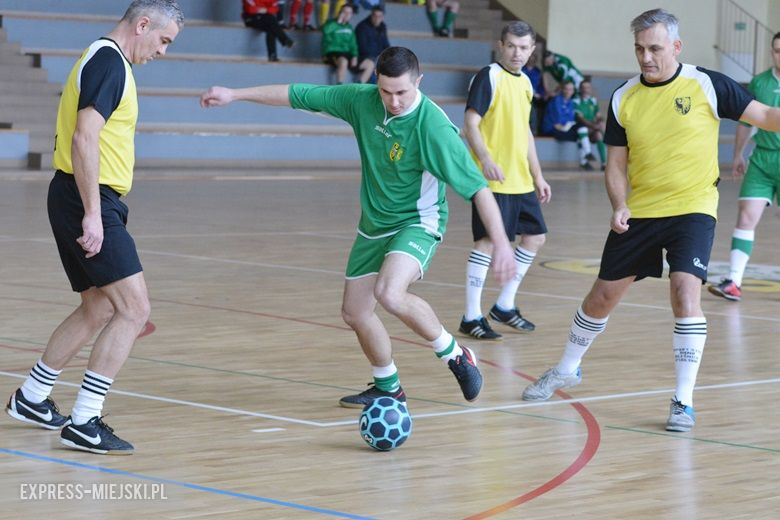 Rozgrywki radnych na hali sportowej w Środzie Śląskiej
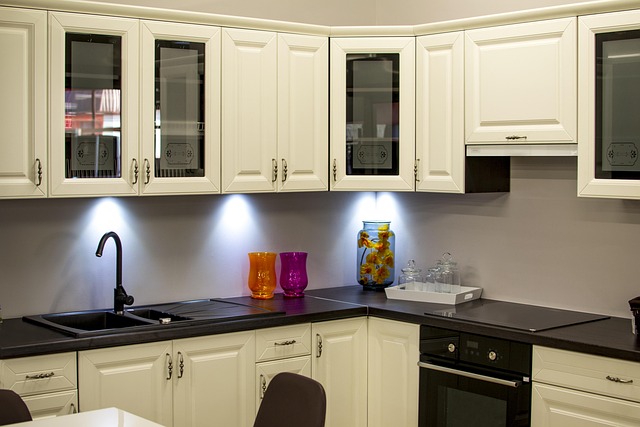 kitchen-640x480-65900186.jpeg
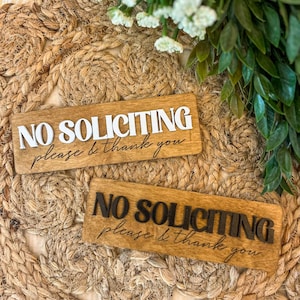 No Soliciting Doorbell Sign, Wood Door sign No solicitors, No Knock doorbell sign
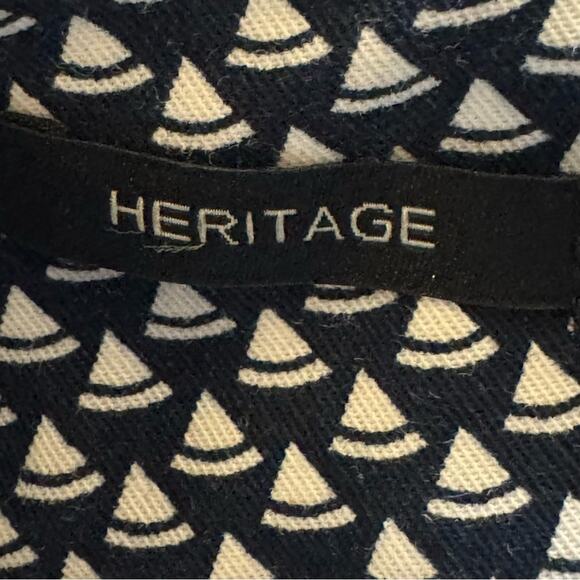 Talbots navy white flat front cropped pants size 2P
 b34 - Picture 3 of 4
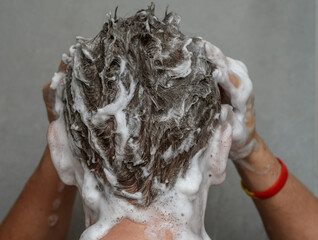 Szampon pieni się na męskich włosach pod prysznicem - obrazy, fototapety, plakaty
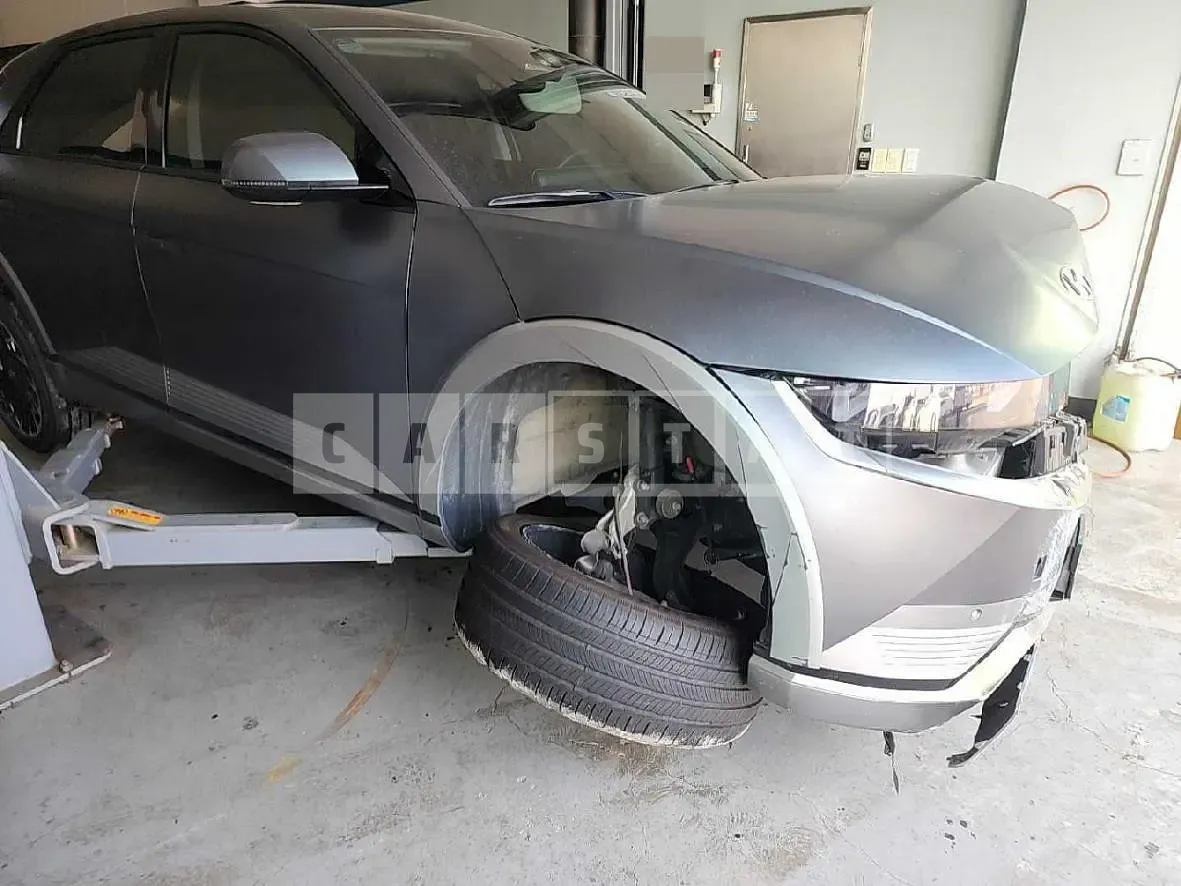 Photo 2 of 12: 2021 Hyundai IONIQ 5 Long Range, VIN KMHKR81AFNU003841 — Korean insurance auction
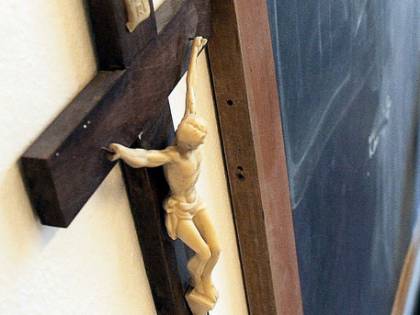 Per non turbare i musulmani via i crocifissi e la festa di Natale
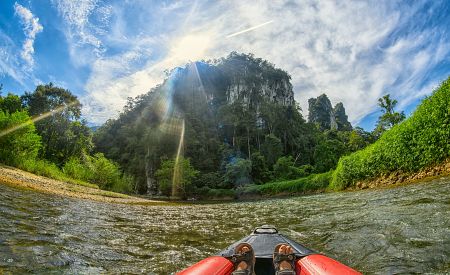 Dopřejte si projížďku kánoí po řece v národním parku Khao Sok… Stojí za to!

☆ ☆ ☆

**Exercise:** Keeping both end lines, retype exactly the lines from the first line of the material through the line that contains "Photo 2 of 12: 2021", but not the pictures.

**Expected answer:**
 Rozgrywki radnych na hali sportowej w Środzie Śląskiej
 kitchen-640x480-65900186.jpeg
 No Soliciting Doorbell Sign, Wood Door sign No solicitors, No Knock doorbell sign
 Talbots navy white flat front cropped pants size 2P
 b34 - Picture 3 of 4
 Szampon pieni się na męskich włosach pod prysznicem - obrazy, fototapety, plakaty
 Photo 2 of 12: 2021 Hyundai IONIQ 5 Long Range, VIN KMHKR81AFNU003841 — Korean insurance auction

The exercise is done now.